|  第642回簡単だが美味しい鍋とは?
 最近、自宅に知人を呼んで、会食を行うことも多くなってきた。普段の生活のなかのサイクルとして開催するには、
 特にイベントとして身構えずに、
 気楽に美味しいものを料理して提供することになる。
 そこで、準備が簡単な鍋を中心とすることが多い。
 先日も猫をもらっていただいた二組のご夫婦を呼んで、鍋を愉しむ会を行った。
 前菜は妻がささっと作ったセリのサラダにトマトのサラダ。
 そして、次がその日の昼に庭で採取した蕗の薹を使った蕗味噌。
 こちらは、前回の「世界一旨い日本酒の会」で
 大好評だったもの。
 調味料として、
 和三盆、味醂、昆布と鰹節の出汁を用いているので、
 とても柔らかい味わいだ。
 そして、どうせ出汁をとったからと、
 醤油と味醂を加えて八方出汁として、定番の温泉玉子に和える。
 さらに、西崎ファームの合鴨燻製と
 宮城屋のキヌ豆腐、キヌおぼろ豆腐、と酒肴を続ける。
 合わせた日本酒は奥播磨山田錦八割磨き。
 そして、いよいよ鍋。

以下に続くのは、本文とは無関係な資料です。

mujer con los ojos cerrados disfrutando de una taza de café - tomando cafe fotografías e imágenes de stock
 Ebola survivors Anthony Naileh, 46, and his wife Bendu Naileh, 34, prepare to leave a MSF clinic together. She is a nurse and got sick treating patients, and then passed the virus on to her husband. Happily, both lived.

鍋は色々な料理の一部という位置付けであれば、
 他の料理に重ならない食材を主体として、
 味がシンプルなものにしたほうがいいが、
 今回は鍋そのものが中心としたので、
 色々な食材を組み合わせた寄せ鍋風にした。
 魚介類としては、蛤、ワタリガニ、タラ、白子など。
 それに、豚シャブ。
 寄せ鍋というと味付けした出汁で食材を煮る「煮汁鍋」のことをさす場合が多いが、
 我が家ではちり鍋のような「水鍋」方式で食材を煮る。
 食材自身が出す出汁の味が愉しめるということと、
 味付けした醤油などの風味は煮ている間に失われてしまうからだ。
 準備するものは簡単。
 醤油に柚子。
 鍋が煮えたら、食材を取り皿にとって、
 醤油と柚子の汁をかける。
 ポン酢をあらかじめ作っておいて、かけてもよい。
 そこに、鍋から煮汁をとって取り皿に注いで、
 汁の旨さも愉しむ。
 今回の会食でも、鍋は大好評だった。